▶ _EXERCISE AIM_
Where the data below contains pictures, omit them; output the rest word for word.

----- RECORDED INFORMATION -----

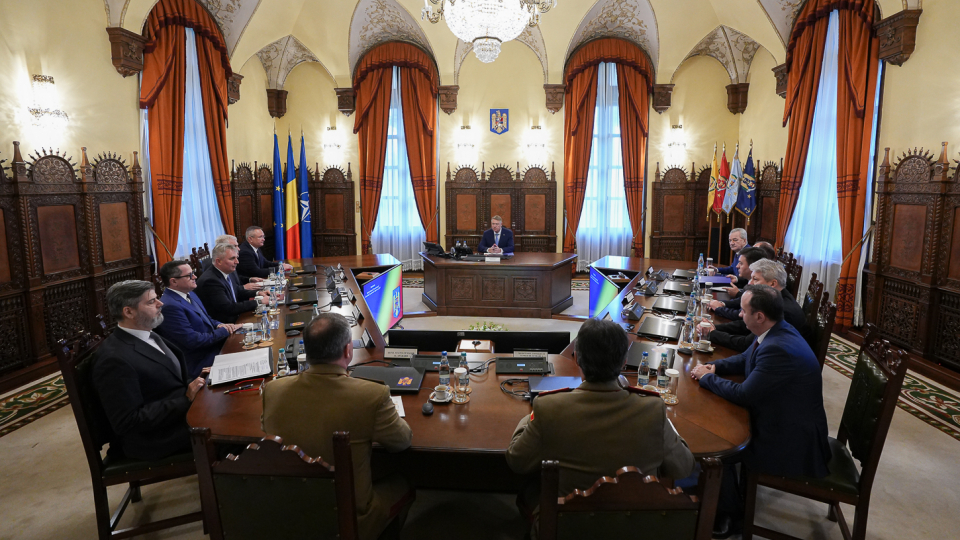 Klaus Iohannis convocă ședința CSAT pe 12 octombrie Klaus Iohannis convocă ședința CSAT pe 12 octombrie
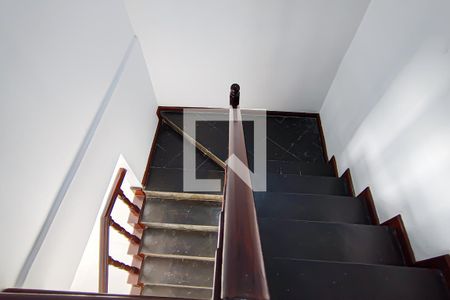 Casa à venda com 300m², 3 quartos e 4 vagasescada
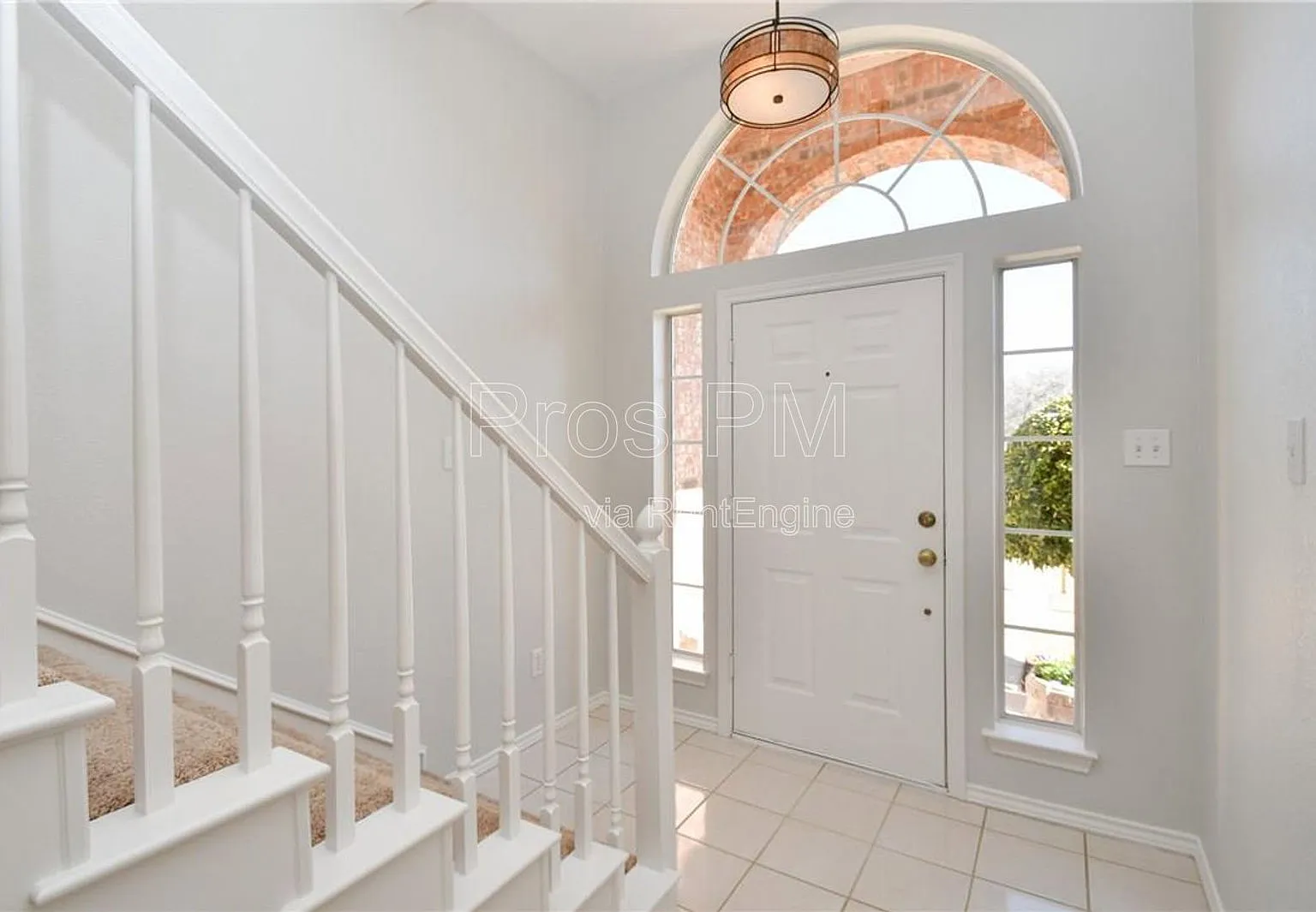 3 bed, 2.5 bath, 2063 sqft, $2,599 — Photo 3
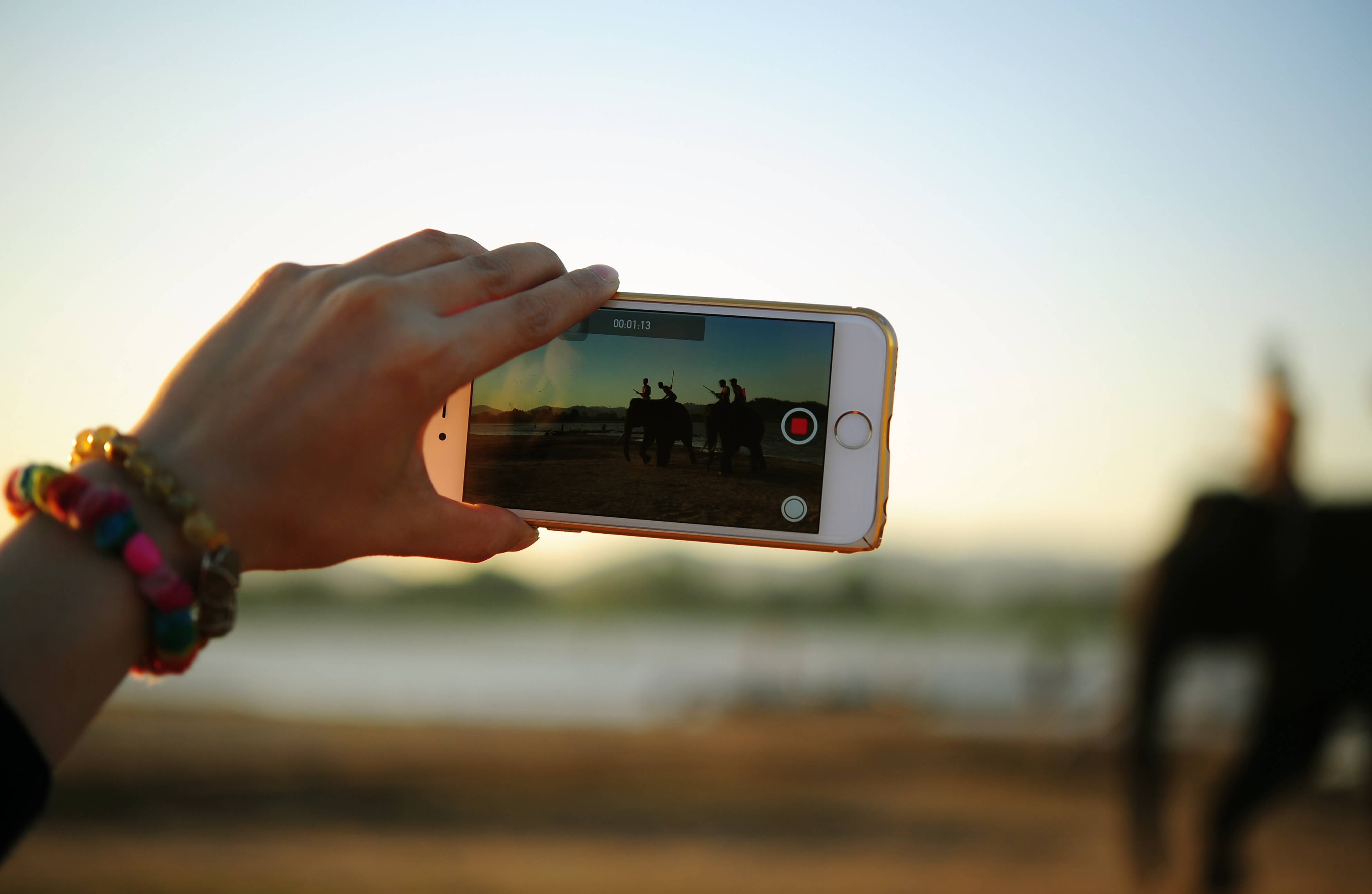 video-smartphone-elephant-2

-----

▶ _EXERCISE SOLUTION_
 Klaus Iohannis convocă ședința CSAT pe 12 octombrie Klaus Iohannis convocă ședința CSAT pe 12 octombrie
 Casa à venda com 300m², 3 quartos e 4 vagasescada
 3 bed, 2.5 bath, 2063 sqft, $2,599 — Photo 3
 video-smartphone-elephant-2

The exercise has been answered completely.